[[ Source material open ]]

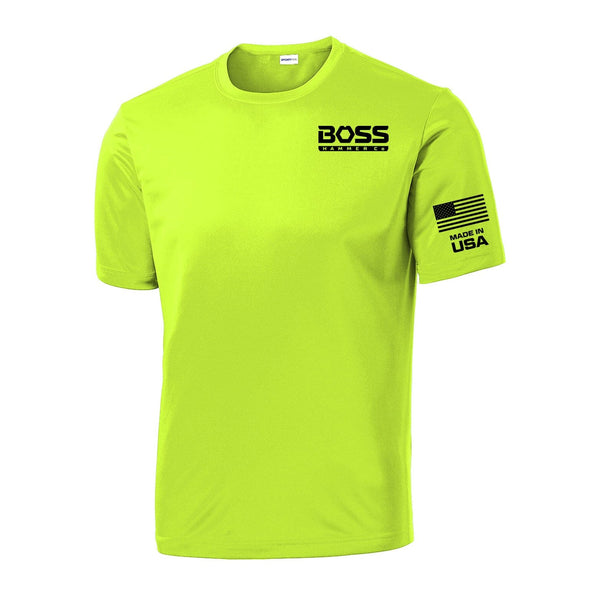 Hi-Viz Yellow Tee Tee Shirt Boss Hammer Co. 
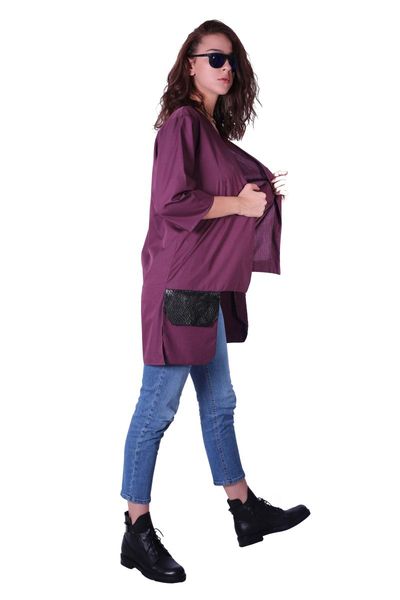 women's blouses & shirts women&women design season slim sport jacket with leather pockets claret red, White
women's blouses & shirts women&women design season slim sport jacket with leather pockets claret red, White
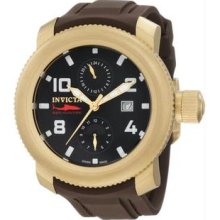 Men's Sea Hunter Russian Diver Chronograph Stainless Steel Case Brown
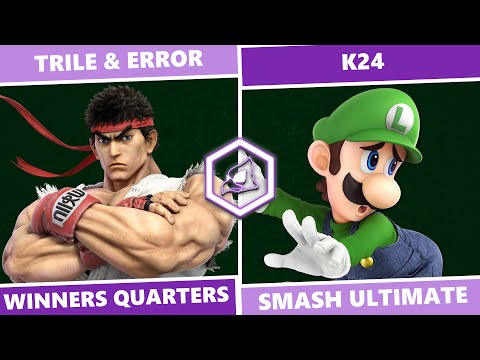 Cooped Up 21: Winners Quarters - Trile & Error (Ryu) Vs. K24 (Luigi) SSBU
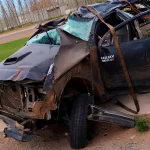 DOS MUJERES MURIERON Y TRES JÓVENES RESULTARON HERIDOS EN UN VUELCO SOBRE LA RUTA 6
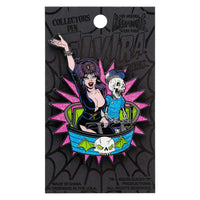 Thumbnail for Elvira Ghostcoaster Glitter Enamel Pin - Kreepsville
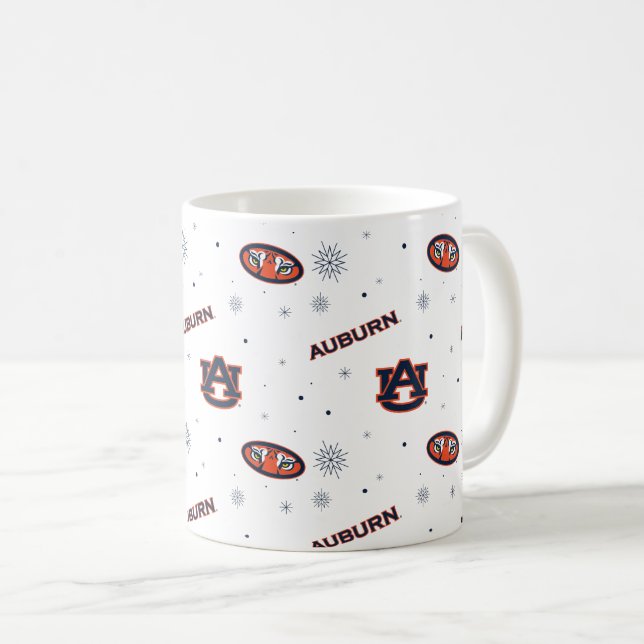 Auburn University | Holiday Pattern Coffee Mug (Front Right)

[[ Source material closed ]]

> [Assigned task] Retype all the entries word for word; the pictures stay out.

> [Answer box]
 Hi-Viz Yellow Tee Tee Shirt Boss Hammer Co. 
 women's blouses & shirts women&women design season slim sport jacket with leather pockets claret red, White
women's blouses & shirts women&women design season slim sport jacket with leather pockets claret red, White
 Men's Sea Hunter Russian Diver Chronograph Stainless Steel Case Brown
 Cooped Up 21: Winners Quarters - Trile & Error (Ryu) Vs. K24 (Luigi) SSBU
 DOS MUJERES MURIERON Y TRES JÓVENES RESULTARON HERIDOS EN UN VUELCO SOBRE LA RUTA 6
 Thumbnail for Elvira Ghostcoaster Glitter Enamel Pin - Kreepsville
 Auburn University | Holiday Pattern Coffee Mug (Front Right)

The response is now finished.